Segment Start: RECORDS SUPPLIED
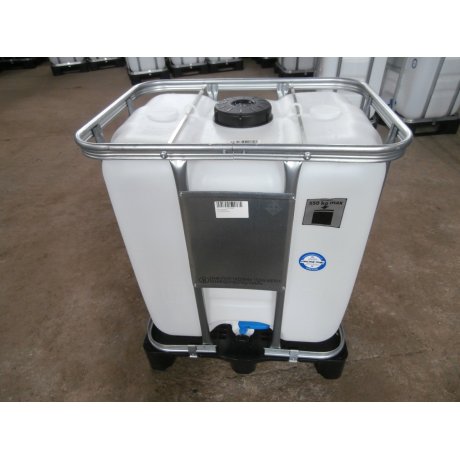 IBC nádrž 300L NOVÁ natur 15cm na plastu UN kód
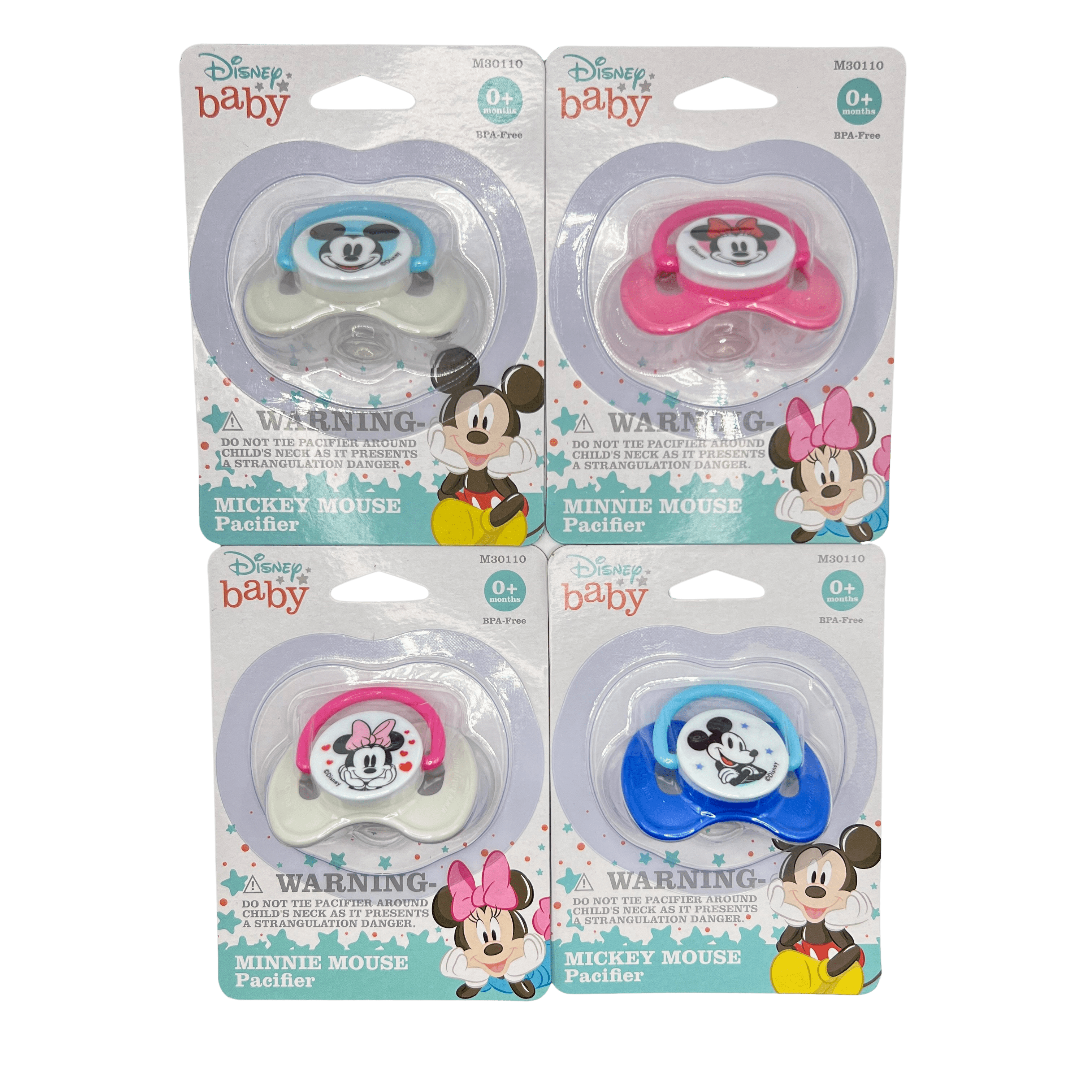 Mickey / Minnie Silicone Pacifier 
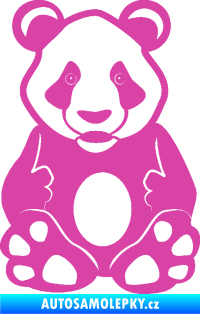 Samolepka Panda 006  růžová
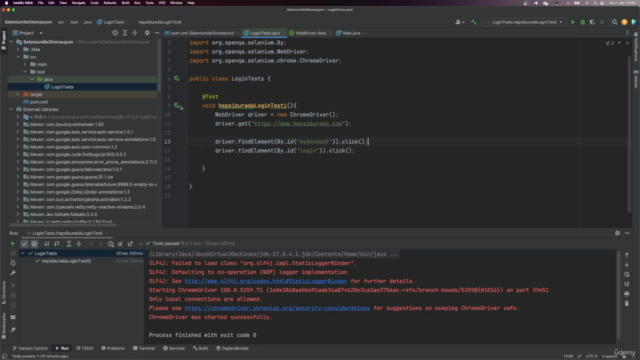 Test Mühendisleri İçin Java Eğitimi – Screenshot 3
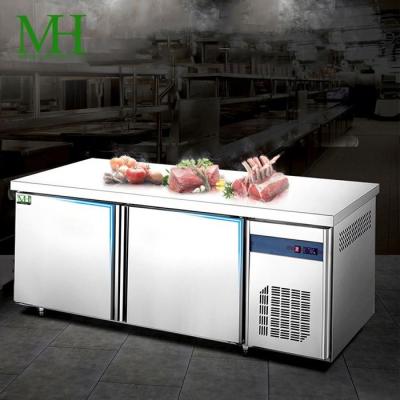 China Supermarket/store/restaurant/factory/hotel ODM Junjian underground 3 door table top refrigerator sandwich prep table refrigerator for sale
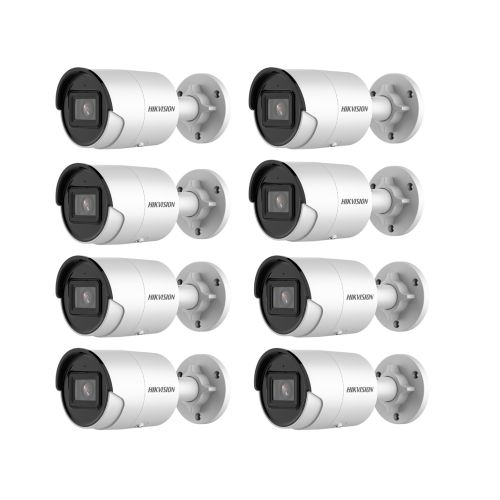 HIKVISION Kamera-Set 8x IP Bullet Kamera DS-2CD3023G2-IU(2.8mm)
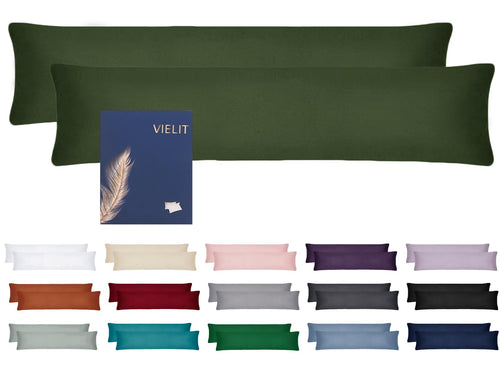 Vielit Kissenbezug 40 x 80 2pc Kopfkissenbezug Anthrazit Öko-Zertifikat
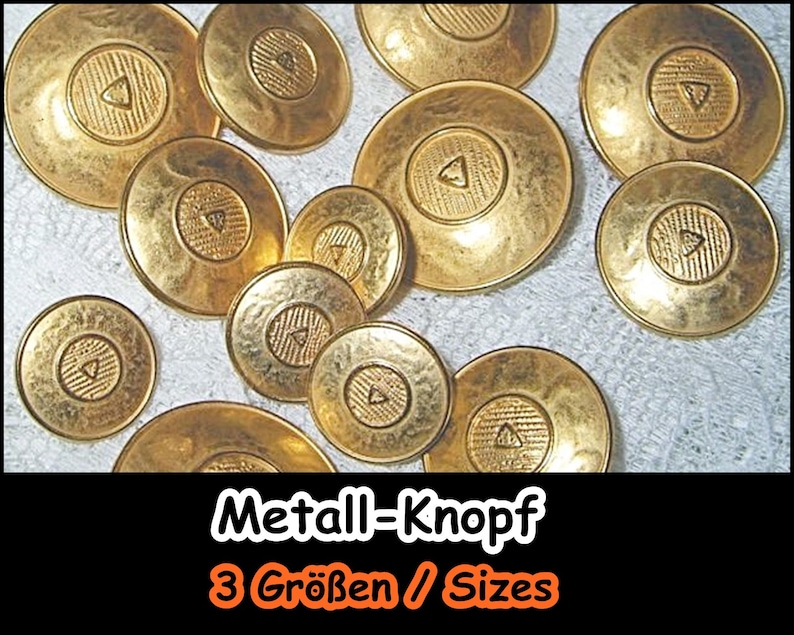 Metall-Knöpfe, Knopf, Antik, Mittelalter, Reenactment, LARP, Wappen, Ritter, Altertum, Militär, Tracht, Uniform, Casual, Sport, 5-70abc Bild 1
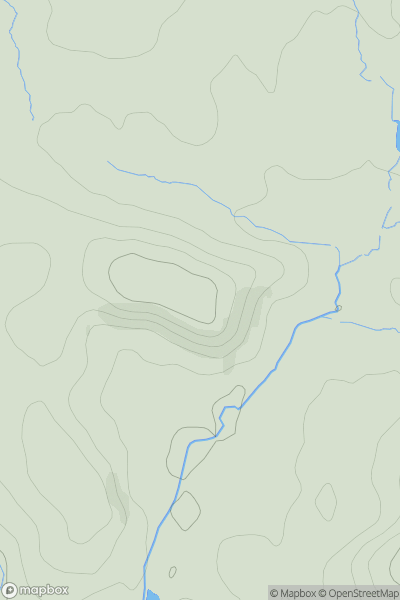 Thumbnail image for Beaminster Hill showing contour plot for surrounding peak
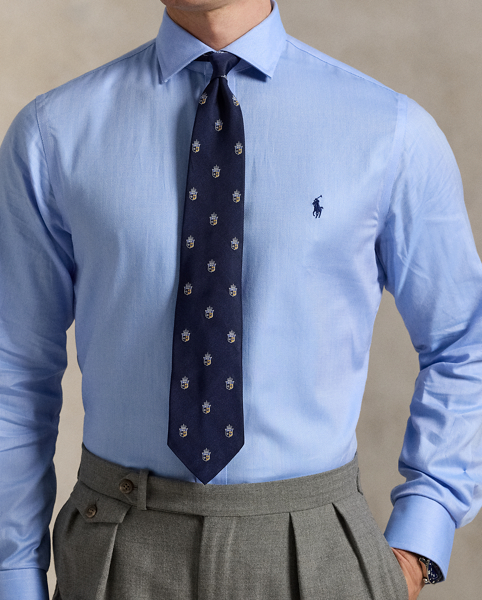 This stretchy shirt is made with cotton PUREPRESS™ technology, a durable press finish that provides wrinkle-resistance while reducing material strength loss and protecting against abrasion.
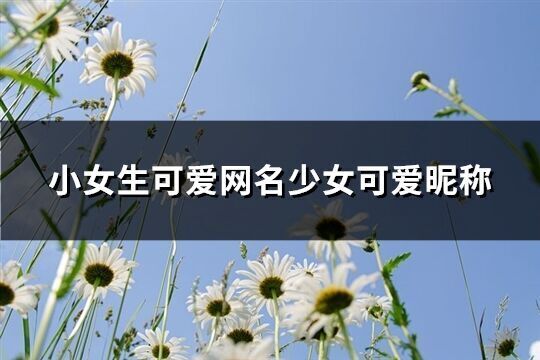 小女生可愛網名少女可愛昵稱(412個)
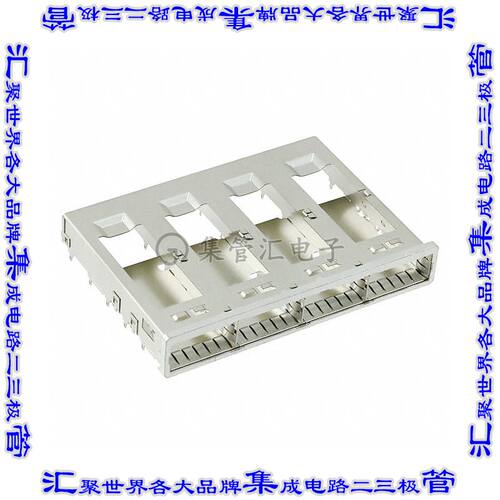 2227250-1 连接器接插件CONN QSFP28 CAGE 1X4 PRESSFIT RA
Segment End: RECORDS SUPPLIED
Word for word, repeat only the lines from the line containing "Mickey / Minnie Silicone Pacifier" through the end of the data, without any pictures.

 Mickey / Minnie Silicone Pacifier 
 Samolepka Panda 006  růžová
 Test Mühendisleri İçin Java Eğitimi – Screenshot 3
 China Supermarket/store/restaurant/factory/hotel ODM Junjian underground 3 door table top refrigerator sandwich prep table refrigerator for sale
 HIKVISION Kamera-Set 8x IP Bullet Kamera DS-2CD3023G2-IU(2.8mm)
 Vielit Kissenbezug 40 x 80 2pc Kopfkissenbezug Anthrazit Öko-Zertifikat
 Metall-Knöpfe, Knopf, Antik, Mittelalter, Reenactment, LARP, Wappen, Ritter, Altertum, Militär, Tracht, Uniform, Casual, Sport, 5-70abc Bild 1
 Thumbnail image for Beaminster Hill showing contour plot for surrounding peak
 This stretchy shirt is made with cotton PUREPRESS™ technology, a durable press finish that provides wrinkle-resistance while reducing material strength loss and protecting against abrasion.
 小女生可愛網名少女可愛昵稱(412個)
 2227250-1 连接器接插件CONN QSFP28 CAGE 1X4 PRESSFIT RA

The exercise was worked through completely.